This semester I am enrolled in five classes, like a typical full time student will be enrolled in. I take two classes on Mondays Wednesdays and Fridays that run 50 minutes long (similar to a high school class), two classes on Tuesdays and Thursdays that run an hour and fifteen minutes long, and a nigh class on Tuesdays from 6:30-9:00. Regardless of the times and days you take a class, a three-credit class at Bryant meets for two hours and thirty minutes a week. Compared to you a high school day where you take each class for fifty minutes five days a week, in college you are usually in class for only a couple of hours everyday. This means two things: you have much more free time on your hands, and you also have much more work to do outside of the classroom!

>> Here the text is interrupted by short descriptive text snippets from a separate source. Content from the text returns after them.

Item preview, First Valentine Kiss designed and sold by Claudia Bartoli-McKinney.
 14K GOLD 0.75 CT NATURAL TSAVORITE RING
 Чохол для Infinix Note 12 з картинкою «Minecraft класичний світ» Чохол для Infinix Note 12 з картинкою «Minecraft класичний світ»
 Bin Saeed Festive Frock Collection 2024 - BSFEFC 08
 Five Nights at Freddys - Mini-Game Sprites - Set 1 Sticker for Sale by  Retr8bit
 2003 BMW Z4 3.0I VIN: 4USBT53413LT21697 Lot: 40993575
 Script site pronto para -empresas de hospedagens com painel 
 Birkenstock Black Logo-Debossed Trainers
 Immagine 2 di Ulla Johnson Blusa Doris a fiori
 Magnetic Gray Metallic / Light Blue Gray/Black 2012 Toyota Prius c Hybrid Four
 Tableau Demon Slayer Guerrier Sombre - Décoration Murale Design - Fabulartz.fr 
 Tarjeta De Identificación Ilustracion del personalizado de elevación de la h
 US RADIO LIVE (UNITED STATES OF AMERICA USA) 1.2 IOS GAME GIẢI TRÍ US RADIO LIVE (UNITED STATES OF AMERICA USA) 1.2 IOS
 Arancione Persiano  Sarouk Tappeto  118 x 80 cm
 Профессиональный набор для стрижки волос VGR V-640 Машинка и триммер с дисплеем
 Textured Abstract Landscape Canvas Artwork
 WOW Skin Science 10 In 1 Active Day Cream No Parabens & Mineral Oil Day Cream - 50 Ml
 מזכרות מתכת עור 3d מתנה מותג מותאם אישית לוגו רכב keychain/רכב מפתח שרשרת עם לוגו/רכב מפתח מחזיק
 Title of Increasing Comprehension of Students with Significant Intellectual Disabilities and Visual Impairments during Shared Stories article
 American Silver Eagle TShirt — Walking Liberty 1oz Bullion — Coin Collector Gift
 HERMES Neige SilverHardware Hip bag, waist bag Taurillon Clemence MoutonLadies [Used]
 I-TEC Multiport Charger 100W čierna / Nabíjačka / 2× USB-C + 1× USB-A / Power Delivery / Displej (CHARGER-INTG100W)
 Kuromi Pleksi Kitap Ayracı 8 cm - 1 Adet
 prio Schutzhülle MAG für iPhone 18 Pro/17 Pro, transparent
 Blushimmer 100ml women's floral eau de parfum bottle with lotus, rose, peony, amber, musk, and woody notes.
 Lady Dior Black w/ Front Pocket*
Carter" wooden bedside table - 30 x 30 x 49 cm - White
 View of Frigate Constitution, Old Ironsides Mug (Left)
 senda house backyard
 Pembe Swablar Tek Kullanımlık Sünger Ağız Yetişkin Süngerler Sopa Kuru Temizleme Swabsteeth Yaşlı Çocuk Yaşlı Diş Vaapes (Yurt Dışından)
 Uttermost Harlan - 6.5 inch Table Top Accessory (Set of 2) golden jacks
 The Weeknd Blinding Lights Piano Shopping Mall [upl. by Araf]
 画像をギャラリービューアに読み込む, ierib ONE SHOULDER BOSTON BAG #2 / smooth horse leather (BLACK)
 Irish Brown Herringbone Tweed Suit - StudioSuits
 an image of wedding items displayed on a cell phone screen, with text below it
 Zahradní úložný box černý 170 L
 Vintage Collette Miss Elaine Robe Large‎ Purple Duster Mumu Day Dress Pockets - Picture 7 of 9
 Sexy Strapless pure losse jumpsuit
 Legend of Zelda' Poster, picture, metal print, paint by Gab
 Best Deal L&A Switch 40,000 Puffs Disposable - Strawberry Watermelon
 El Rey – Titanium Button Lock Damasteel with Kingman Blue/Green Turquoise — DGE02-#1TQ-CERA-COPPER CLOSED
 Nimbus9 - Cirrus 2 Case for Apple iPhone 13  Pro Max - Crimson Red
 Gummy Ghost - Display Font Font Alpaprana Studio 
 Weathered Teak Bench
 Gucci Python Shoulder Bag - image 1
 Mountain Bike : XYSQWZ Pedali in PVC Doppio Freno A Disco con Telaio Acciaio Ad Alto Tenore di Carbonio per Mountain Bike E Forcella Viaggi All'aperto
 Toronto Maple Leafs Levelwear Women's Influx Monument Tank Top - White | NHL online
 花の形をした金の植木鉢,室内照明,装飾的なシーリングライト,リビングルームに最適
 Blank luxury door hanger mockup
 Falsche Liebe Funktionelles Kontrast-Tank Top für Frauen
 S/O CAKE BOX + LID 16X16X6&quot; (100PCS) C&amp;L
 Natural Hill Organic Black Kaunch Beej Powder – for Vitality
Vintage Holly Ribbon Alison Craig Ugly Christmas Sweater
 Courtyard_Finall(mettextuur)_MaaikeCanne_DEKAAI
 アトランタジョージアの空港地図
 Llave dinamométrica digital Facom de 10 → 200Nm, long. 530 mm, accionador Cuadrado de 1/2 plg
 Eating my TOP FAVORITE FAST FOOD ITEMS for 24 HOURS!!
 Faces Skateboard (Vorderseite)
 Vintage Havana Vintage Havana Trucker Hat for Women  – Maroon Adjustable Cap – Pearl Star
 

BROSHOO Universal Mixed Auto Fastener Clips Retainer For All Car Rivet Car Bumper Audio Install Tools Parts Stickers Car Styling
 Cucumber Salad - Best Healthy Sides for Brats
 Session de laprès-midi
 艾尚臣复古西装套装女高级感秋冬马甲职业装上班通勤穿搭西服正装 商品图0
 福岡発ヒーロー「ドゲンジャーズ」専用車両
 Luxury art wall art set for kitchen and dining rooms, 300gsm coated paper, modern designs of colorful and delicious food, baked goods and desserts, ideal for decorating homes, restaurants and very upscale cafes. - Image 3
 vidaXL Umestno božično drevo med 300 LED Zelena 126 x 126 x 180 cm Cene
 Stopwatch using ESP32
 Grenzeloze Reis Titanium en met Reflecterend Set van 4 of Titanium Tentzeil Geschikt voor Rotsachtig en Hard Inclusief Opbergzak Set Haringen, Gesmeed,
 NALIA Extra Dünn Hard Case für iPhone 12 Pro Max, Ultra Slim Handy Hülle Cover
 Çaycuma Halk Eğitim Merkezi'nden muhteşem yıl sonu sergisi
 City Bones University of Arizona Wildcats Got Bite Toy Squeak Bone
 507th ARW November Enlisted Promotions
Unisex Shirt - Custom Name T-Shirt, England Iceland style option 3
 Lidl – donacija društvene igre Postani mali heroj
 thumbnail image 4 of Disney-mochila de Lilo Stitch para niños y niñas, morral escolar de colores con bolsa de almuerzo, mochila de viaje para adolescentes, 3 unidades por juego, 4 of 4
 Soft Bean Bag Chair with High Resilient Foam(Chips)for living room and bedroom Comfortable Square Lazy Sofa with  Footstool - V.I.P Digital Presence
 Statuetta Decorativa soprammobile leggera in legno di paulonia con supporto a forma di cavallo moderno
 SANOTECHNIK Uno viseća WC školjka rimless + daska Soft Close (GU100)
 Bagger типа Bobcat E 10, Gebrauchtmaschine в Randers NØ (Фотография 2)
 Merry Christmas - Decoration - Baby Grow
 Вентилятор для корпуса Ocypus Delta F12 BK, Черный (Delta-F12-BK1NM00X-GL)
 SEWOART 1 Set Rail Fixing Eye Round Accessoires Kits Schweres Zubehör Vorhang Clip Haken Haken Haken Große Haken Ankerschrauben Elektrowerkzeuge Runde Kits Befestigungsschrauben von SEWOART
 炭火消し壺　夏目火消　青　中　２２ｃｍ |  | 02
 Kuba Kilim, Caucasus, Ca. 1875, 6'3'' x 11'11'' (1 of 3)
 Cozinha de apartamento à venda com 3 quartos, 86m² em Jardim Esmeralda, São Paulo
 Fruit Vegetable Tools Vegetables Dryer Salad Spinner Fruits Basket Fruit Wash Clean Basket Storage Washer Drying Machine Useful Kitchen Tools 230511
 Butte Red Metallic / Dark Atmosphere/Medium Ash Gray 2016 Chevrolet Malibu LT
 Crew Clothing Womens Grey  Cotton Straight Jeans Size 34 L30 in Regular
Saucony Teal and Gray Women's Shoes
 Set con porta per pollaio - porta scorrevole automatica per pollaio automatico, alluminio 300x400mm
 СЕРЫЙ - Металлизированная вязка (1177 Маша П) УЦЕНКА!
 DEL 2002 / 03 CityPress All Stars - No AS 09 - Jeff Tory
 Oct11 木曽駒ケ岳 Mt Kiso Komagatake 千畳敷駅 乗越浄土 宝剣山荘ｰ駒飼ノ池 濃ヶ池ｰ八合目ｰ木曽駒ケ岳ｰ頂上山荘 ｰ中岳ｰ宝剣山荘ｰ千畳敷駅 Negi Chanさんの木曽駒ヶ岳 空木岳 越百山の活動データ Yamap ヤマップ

I am frequently asked on tours how much time I spend doing homework each day, and while I understand that that is a question most parents and students want to know about, it is not one with a definite answer. Each class and each professor is different; some may focus on smaller assignments throughout the semester and others may only have a midterm and a final. No matter what the format of the class is, it is important at any academic level to stay on top of all your classes. For me, there will be times in the semester where I will be crunched for time with due dates approaching, and other times where it will feel like I only have readings and less work to do. However, it is important to recognize the pace of the semester in order to try and stay ahead of long term assignments, because unlike high school, many courses at Bryant are mapped out for the entire four months, so you will know when tests and projects are coming up. I cannot stress enough that no matter where you go to school, utilize these long term plans so you are ready for what's up next!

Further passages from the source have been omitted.